Police have been stunned but delighted by the drop in arrests for drunken driving by teenagers almost a year after the zero alcohol limit was brought in for the under-20s.

Figures released by police under the Official Information Act show that in first nine months of the new law coming into force on August 7 last year, 3091 youths aged 15 to 19 were arrested for drink driving.

The figure for the 12 months before the law change was 6414 - tracking towards an "absolutely brilliant" change, acting national manager road policing superintendent Rob Morgan says.

The figures are even better on Waiheke, sergeant Peter Knight says.

In 2011 there were 110 cases of drink driving, of those 21, or 19 per cent, were aged under 20.

So far this year there have been 52 cases of drink driving recorded. Of those apprehended just five, or 9 per cent, were under 20.


Sergeant Knight says the drop in numbers by over half shows the island's younger drivers have grasped the new drink driving laws.

"The young people are now becoming the new teachers. As they are still young they can form a good habit that will flow on. Older people find drink-driving a hard habit to get out of."

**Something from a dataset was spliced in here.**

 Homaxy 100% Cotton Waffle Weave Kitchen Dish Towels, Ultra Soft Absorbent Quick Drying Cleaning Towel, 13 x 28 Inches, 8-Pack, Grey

Superintendent Morgan says the true benefit of the new law will only be known after an analysis of the number of road crashes involving alcohol and drivers in the 15 to 19-year age group.

"We would hope that is where it truly makes the difference," he says.

Youth drivers can be charged with drink driving for having the slightest amount of alcohol in their system. They risk disqualification, receiving demerit points, fines and even imprisonment depending on the breath test results.